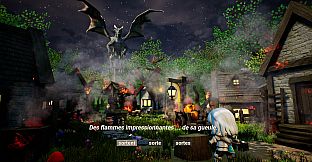 LA FORET DE PAGO : LA VENGEANCE DU DRAGON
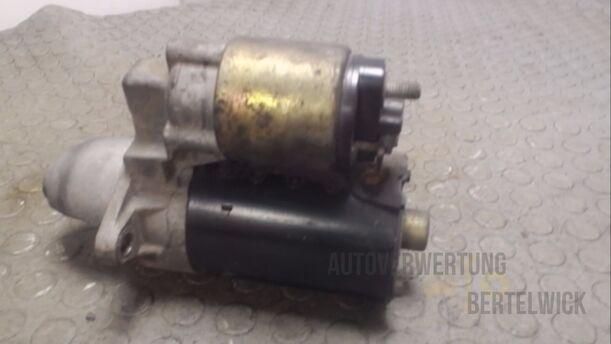 Foto: ANLASSER / STARTER eines Alfa Romeo 145 1.6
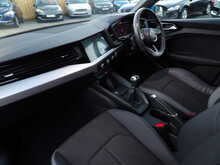 Audi A1 TFSI S line - U10511
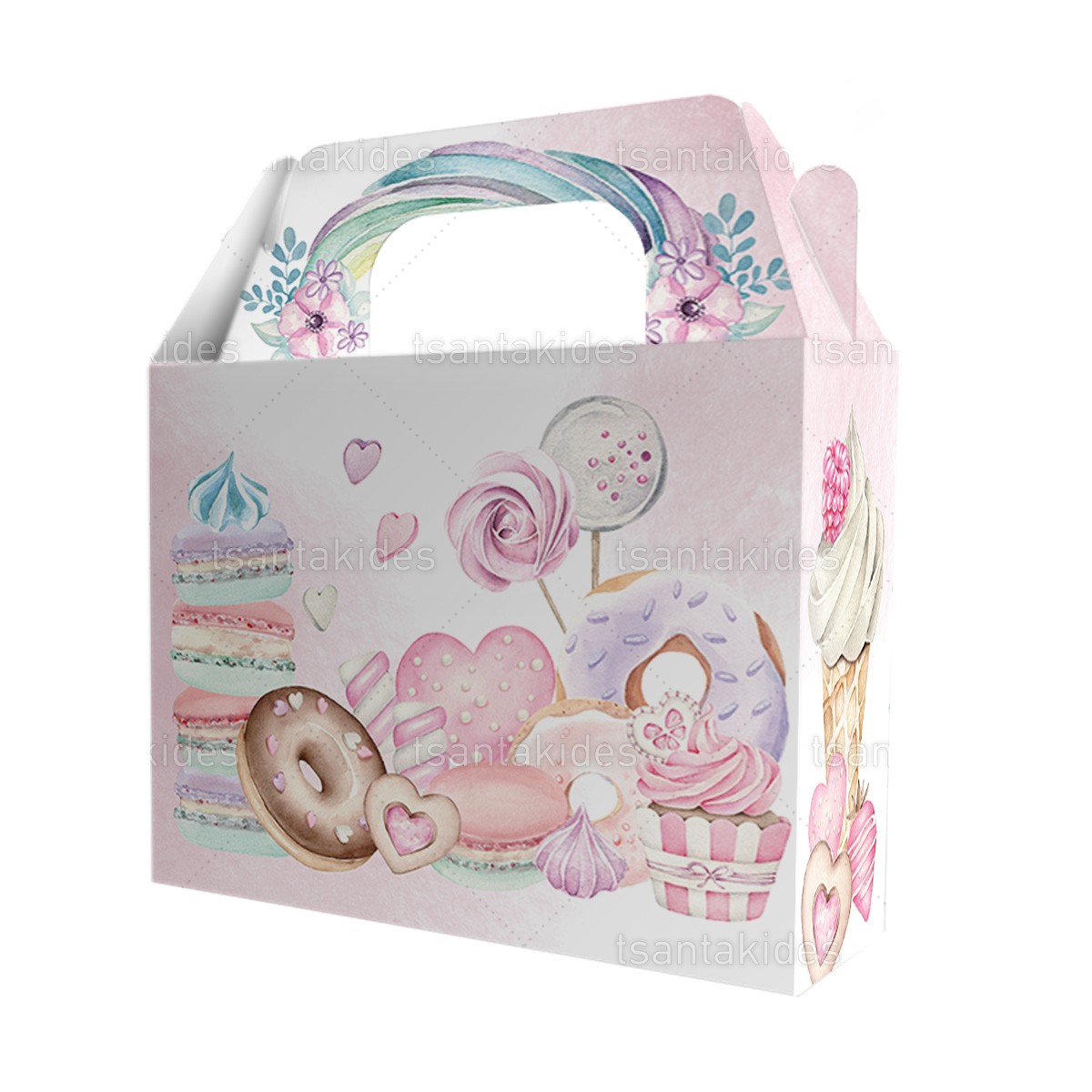 ΚΟΥΤΙ LUNCHBOX ΚΤ24 – TS777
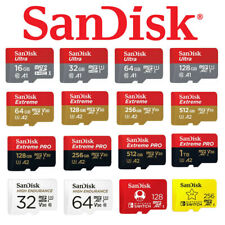 Micro 512gb 256gb usato  Spedire a Italy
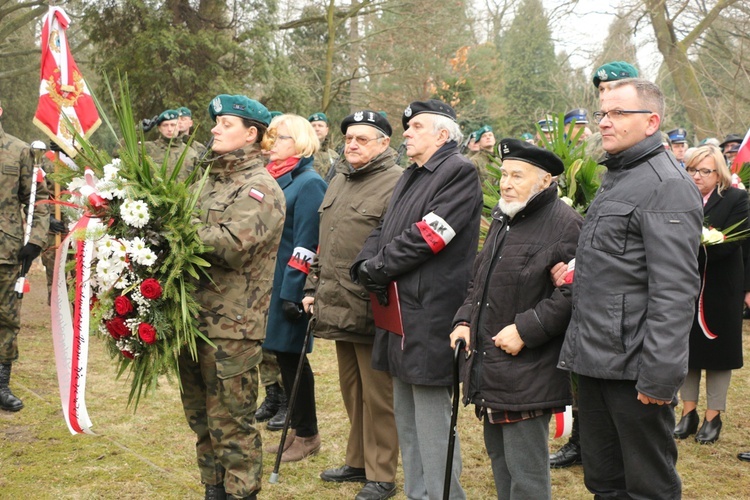 1 marca we Wrocławiu - oficjalne obchody Narodowego Dnia Pamięci Żołnierzy Wyklętych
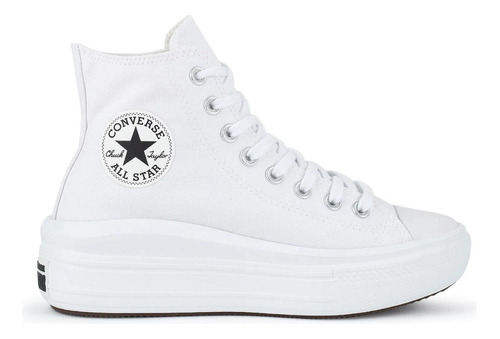 Tênis All Star Move Cano Alto Original Envio Imediato + Nf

- PROBLEM STATEMENT
Retype the lines exactly. Begin at the one that holds "Audi A1 TFSI S line - U10511", stop at the last line of the entries above, and drop the pictures.

- EXERCISE RESULT
 Audi A1 TFSI S line - U10511
 ΚΟΥΤΙ LUNCHBOX ΚΤ24 – TS777
 Micro 512gb 256gb usato  Spedire a Italy
 1 marca we Wrocławiu - oficjalne obchody Narodowego Dnia Pamięci Żołnierzy Wyklętych
 Tênis All Star Move Cano Alto Original Envio Imediato + Nf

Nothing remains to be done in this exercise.